Airline risk managers say they plan to purchase environmental pollution risk policies over the next three years, trumping other risk transfer concerns, according to a broker's survey.

Chicago-based insurance broker Aon's London aviation office released its airline risk management survey where it questioned over 45 of the world's leading airlines on how risk management evolved during 2006.

Among the findings:

o Environmental pollution is the risk that most organizations expect to purchase a policy for over the next three years, rising from sixth place in the 2005/2006 survey. Aon said the result reflects the current focus on corporate responsibility in the airline industry.

The change knocked computer crime insurance into second place, while business interruption climbed to third.

o Aircraft accident, aircraft-related war/terrorism and property (damage) remain the three highest risk management priorities.

o Premium costs remain the key insurance industry issue for the majority of respondents, while transparency has fallen in importance below financial strength and claims services.

o The average length of risk strategies has decreased to 2.5 years from the 3.3 years reported in the 2005/2006 survey.
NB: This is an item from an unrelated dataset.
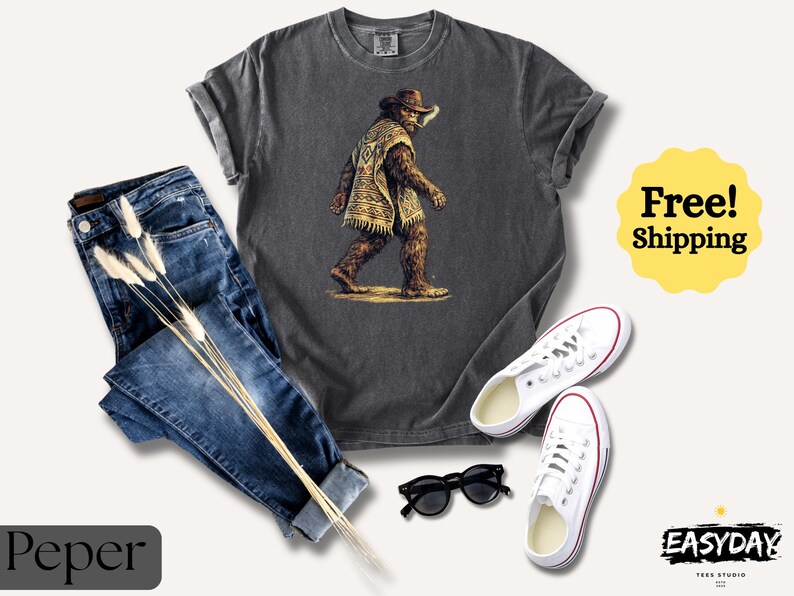 May include: A charcoal gray t-shirt featuring a Bigfoot illustration in a cowboy hat and poncho. The image is paired with blue jeans, white sneakers, and black sunglasses. The words "Free! Shipping" are in a yellow circle.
This reflects the rapid evolution of the industry and the need for flexibility to take advantage of future opportunities, the broker said.

o Reflecting the larger organizations that responded this year, operations with companywide risk management strategies rose from 67 percent in 2005/2006 to 86 percent in 2006/2007.

o Risk management budgets fell to 1.6 percent of total revenue in the 2006/2007 survey from 2.1 percent in 2005/2006, reflecting the soft market conditions in the airline insurance markets.

"This is a fascinating snapshot of how airlines' perception of risk is changing year on year," observed Steven Doyle, spokesperson for Aon's aviation team. "The survey shows how issues such as the environmental debate and fears about cyber-crime impact the aviation industry and its insurance markets."

He added, "It also highlights how the significant reductions in average lead hull and liability premium since September 2006 are translating onto organizations' bottom lines. There is a wealth of information here that the insurance industry can use to ensure its products are closely aligned to airlines' risk requirements."